## EXERCISE MATERIAL
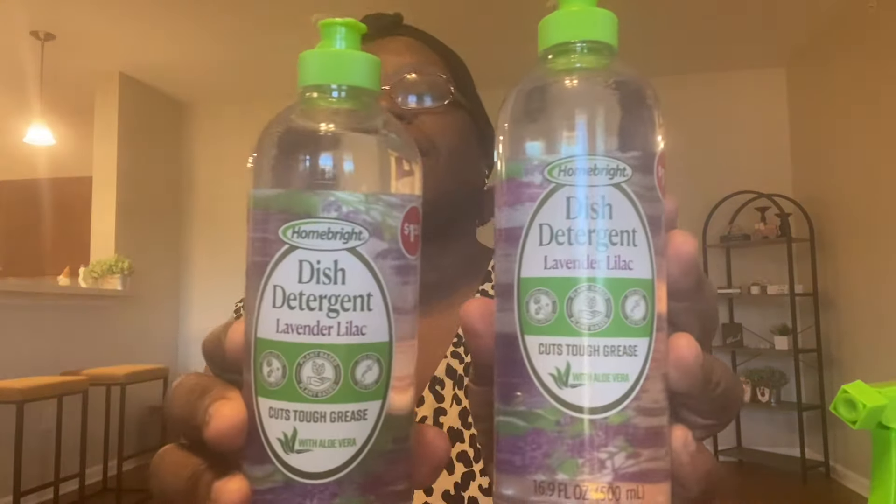Another wish list item I found was the dishwashing liquid, and I only saw it in the lavender lilac. So I went ahead and picked up two of them — dish soap is something you always want to have stocked up on. I did sniff this in the store and it smells really good. I just hope it works well. I know it also comes in a citrus scent — I didn't see the citrus, but if I run across it on another Dollar Tree run, I'll pick it up.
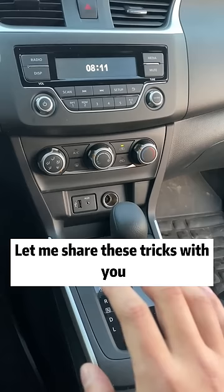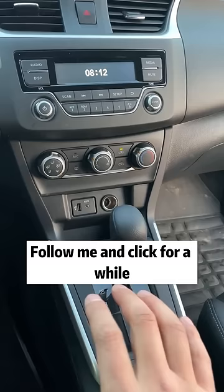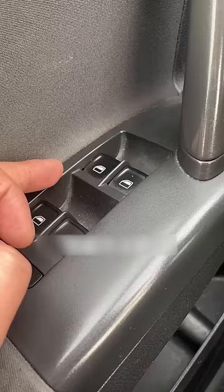Sharing these tips will help everyone use their car better and save some money in the future — after all, it's not easy for any of us to earn money. If you find it convenient, give a free like, follow me, and click for a while — it doesn't cost anything. Okay, let's stop talking and start right away.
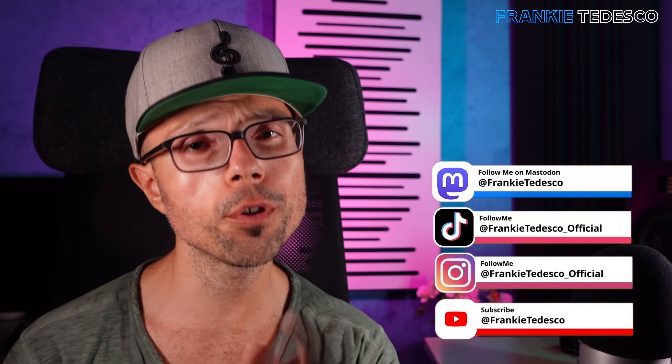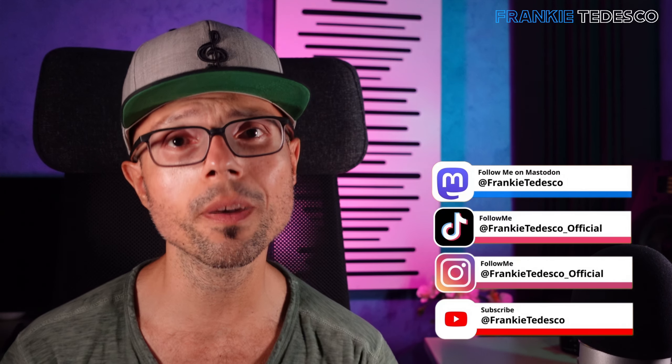Let me know what you think and on what instruments you would use this plugin. See you in the next one. Ciao!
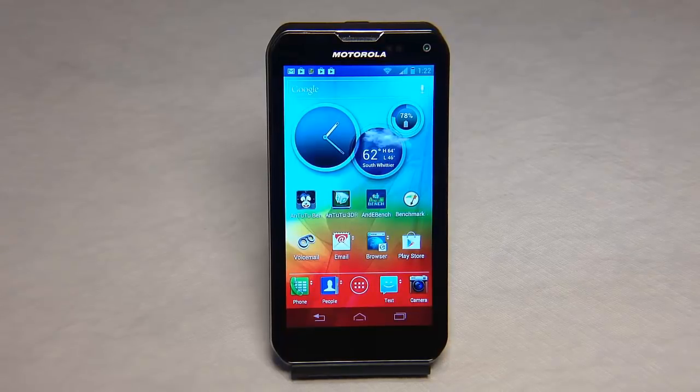Hi folks, it's Chris Voss here from thechrisvossshow.com, where we review all the latest in social media and technology. This is from one of our phone companies that sends us phones — we get phones from all the major companies. This is from Sprint at Sprint.com.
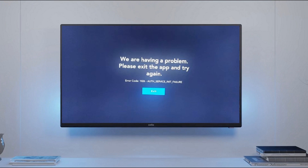Disney Plus might not work and show error code 1026 if the cache of its app is corrupt. Moreover, misconfiguration of your router, ISP restrictions, or blacklisting of the device's IP by the Disney servers may also cause the issue. You can fix Disney Plus error code 1026 by trying the solutions discussed in this guide, but before that, make sure the Disney Plus servers are up and running and that the firmware of your device is updated to the latest build.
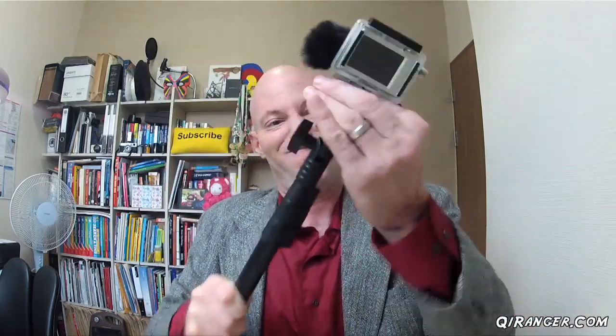Here's my GoPro with my microphone attached to it, attached to the sled. The way it works, it just slides in and then locks into place — it doesn't go anywhere. It really does not want to go anywhere. Then you just push the button and it slides right off. That is pretty cool.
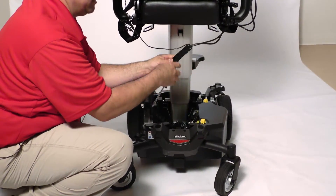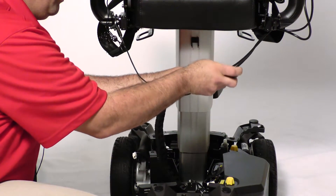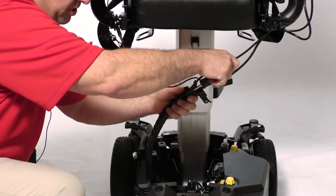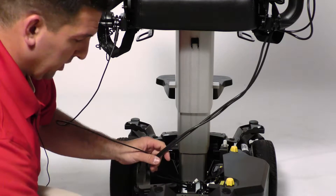Now you will be able to access the zipper part of the chain. Just take your straight slot screwdriver and carefully reach it in and pop one side of the chain off. Remove your harness from the chain.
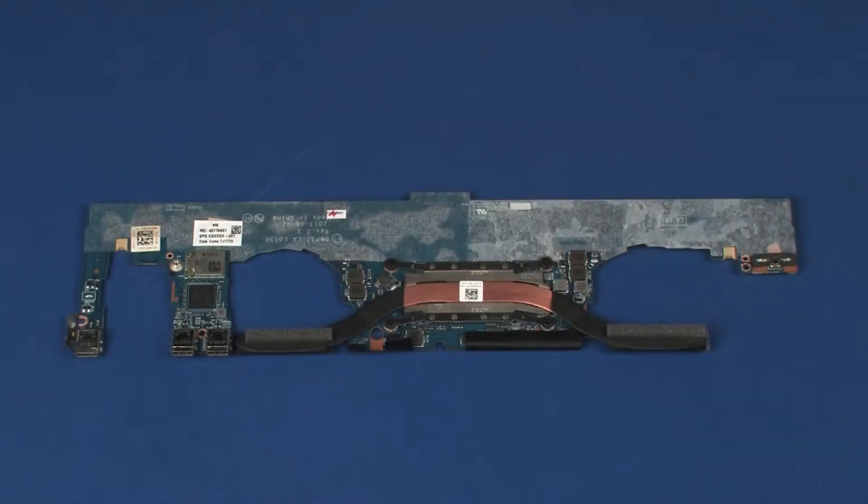Before installing a new system board, remove the heatsink from the old system board and install it on the new system board. After system board replacement, be sure to complete post-installation tasks as required, which may include verifying functionality of the notebook, updating the BIOS, updating DMI, and other settings.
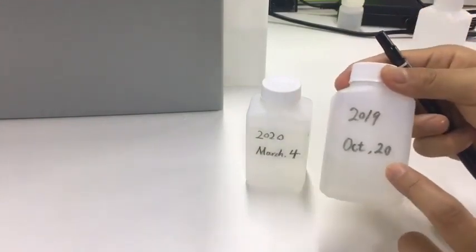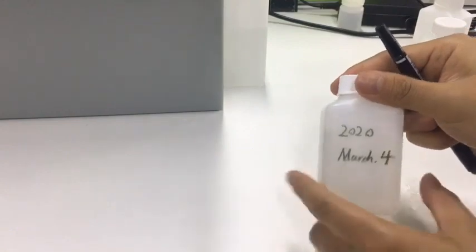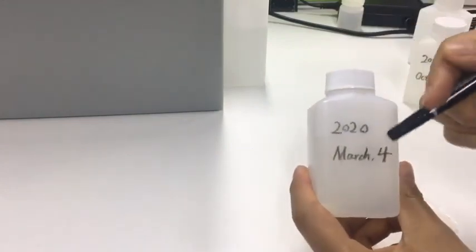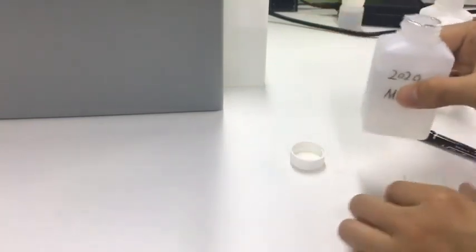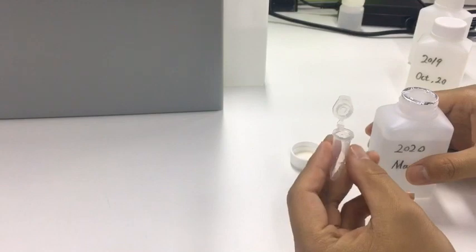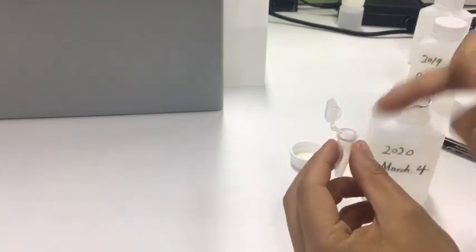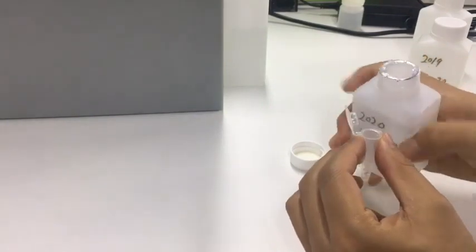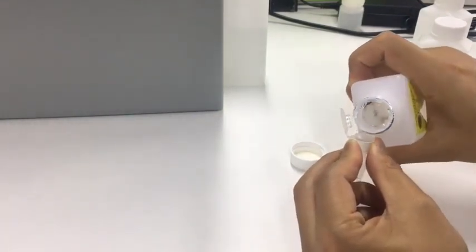This one is already invalid, so we use a new one. This one is opened today. We use a bullet tube to take some solution, prepared for using later. You can use a bullet tube or other small containers to take the solution.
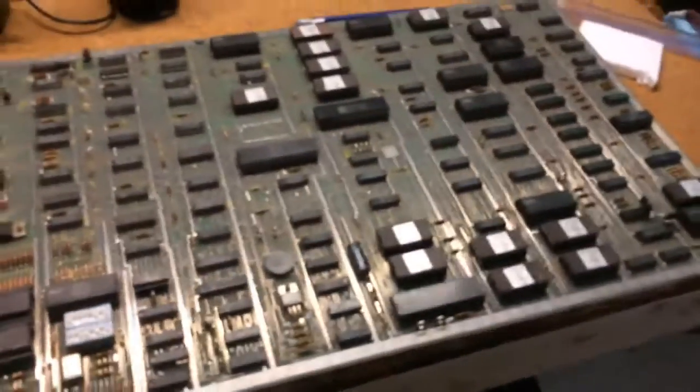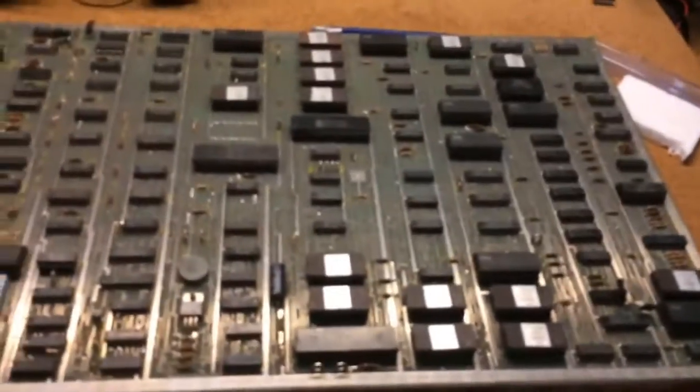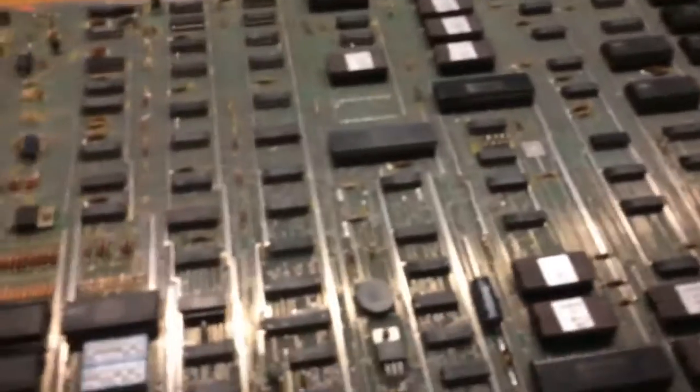We've got a Dig Dug board. This Dig Dug board has no sound. I can coin it up, and if you listen really closely, you can just barely hear it — it's really tiny, but you can actually hear the sounds playing. And that's a good sign.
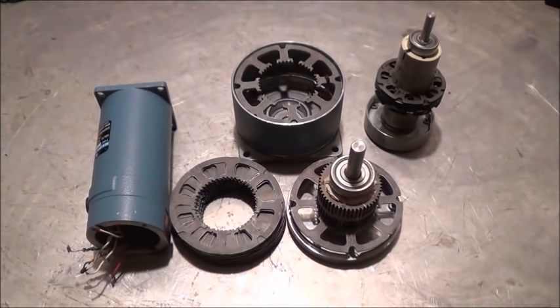Hi folks, Mr. Thessalonian back here again. Today what I'm going to do is make a very unique style Tesla turbine design.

## EXERCISE
Reproduce the data above exactly, leaving each picture out.

## ANSWER TO THIS TASK
Another wish list item I found was the dishwashing liquid, and I only saw it in the lavender lilac. So I went ahead and picked up two of them — dish soap is something you always want to have stocked up on. I did sniff this in the store and it smells really good. I just hope it works well. I know it also comes in a citrus scent — I didn't see the citrus, but if I run across it on another Dollar Tree run, I'll pick it up.
Sharing these tips will help everyone use their car better and save some money in the future — after all, it's not easy for any of us to earn money. If you find it convenient, give a free like, follow me, and click for a while — it doesn't cost anything. Okay, let's stop talking and start right away.
Let me know what you think and on what instruments you would use this plugin. See you in the next one. Ciao!
Hi folks, it's Chris Voss here from thechrisvossshow.com, where we review all the latest in social media and technology. This is from one of our phone companies that sends us phones — we get phones from all the major companies. This is from Sprint at Sprint.com.
Disney Plus might not work and show error code 1026 if the cache of its app is corrupt. Moreover, misconfiguration of your router, ISP restrictions, or blacklisting of the device's IP by the Disney servers may also cause the issue. You can fix Disney Plus error code 1026 by trying the solutions discussed in this guide, but before that, make sure the Disney Plus servers are up and running and that the firmware of your device is updated to the latest build.
Here's my GoPro with my microphone attached to it, attached to the sled. The way it works, it just slides in and then locks into place — it doesn't go anywhere. It really does not want to go anywhere. Then you just push the button and it slides right off. That is pretty cool.
Now you will be able to access the zipper part of the chain. Just take your straight slot screwdriver and carefully reach it in and pop one side of the chain off. Remove your harness from the chain.
Before installing a new system board, remove the heatsink from the old system board and install it on the new system board. After system board replacement, be sure to complete post-installation tasks as required, which may include verifying functionality of the notebook, updating the BIOS, updating DMI, and other settings.
This one is already invalid, so we use a new one. This one is opened today. We use a bullet tube to take some solution, prepared for using later. You can use a bullet tube or other small containers to take the solution.
We've got a Dig Dug board. This Dig Dug board has no sound. I can coin it up, and if you listen really closely, you can just barely hear it — it's really tiny, but you can actually hear the sounds playing. And that's a good sign.
Hi folks, Mr. Thessalonian back here again. Today what I'm going to do is make a very unique style Tesla turbine design.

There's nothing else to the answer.